I had spent my whole life being underestimated. Being dismissed. Being told I was worth less than I was. My father had sold me to pay his debts. My half-brother thought he could own me through obsession. Even Raphael, at the beginning, had assumed I would break under the weight of his world.
None of them had been right about me.
Michael thought he knew me. He thought I was still the Lena he had watched and stalked and obsessed over. The one who needed protecting. The one who could be scared into submission.
He was wrong.
I met Raphael’s eyes. His surprise hit me first. Then his fierce pride. And beneath it, a question: what did this mean for them, for their survival, for the fight that was coming?
“Tomorrow we keep going.” I said it to all of them.
Viktor and Dmitri and Raphael, three wolves who had given up everything to protect a human woman they barely knew.
“We keep moving, we keep surviving, and we get Viktor to that challenge. But when this is over, when the pack is handled, Michael doesn’t get to keep hunting me. ”
“What are you suggesting?” Viktor asked.
“I don’t want him arrested.” The words came out flat.
Final. “I don’t want him in prison, writing me letters, getting out in twenty years.
I don’t want a trial where I have to sit in a courtroom and look at him while lawyers argue about whether drugging your half-sister and cutting off her hair counts as assault. ”
My voice was steady. The woman saying these words was not the woman I had been a week ago.

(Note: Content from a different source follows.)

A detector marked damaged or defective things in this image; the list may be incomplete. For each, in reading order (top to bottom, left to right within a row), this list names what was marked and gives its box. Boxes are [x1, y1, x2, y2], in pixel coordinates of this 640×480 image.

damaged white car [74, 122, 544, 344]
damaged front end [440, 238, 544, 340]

“I want him gone. Permanently. I want to know that he will never touch me again, never watch me again, never send me pieces of myself wrapped in tissue paper.” I met Viktor’s eyes, then Raphael’s. “I want him dead.”
The word hung in the air. Dead. Not justice. Not accountability. Death.
Raphael moved then. Not to stop me, not to comfort me, but to stand beside me. His hand found mine, and his fingers laced through my own. His fury matched mine at last. Not drowning me. Running parallel.
“Then he dies,” he said quietly. No hesitation. No moral wrestling. Just acceptance of what I needed.
I squeezed his hand. “Yes.”
Outside, the wind picked up. I heard the trees creaking through the cabin walls, branches scraping against each other in the dark. Somewhere out there, Michael was watching. Waiting. Planning his next move.
Let him plan.
I was done being afraid of a man who had to drug his victims to get close to them. Done being terrorized by a half-brother who couldn’t accept that I would never be what he wanted. Done being prey.
Tomorrow, we would run again. The pack was still hunting. Viktor’s challenge was still days away. Michael was still out there with his photos and his trophies and his sick little notes.
But in the cramped darkness of that safe house, I had changed. The fear had burned itself out, and what remained was something harder. Colder. Ready.
And when the time came, Michael was going to learn what happened to men who tried to cage women who had finally learned to bite back.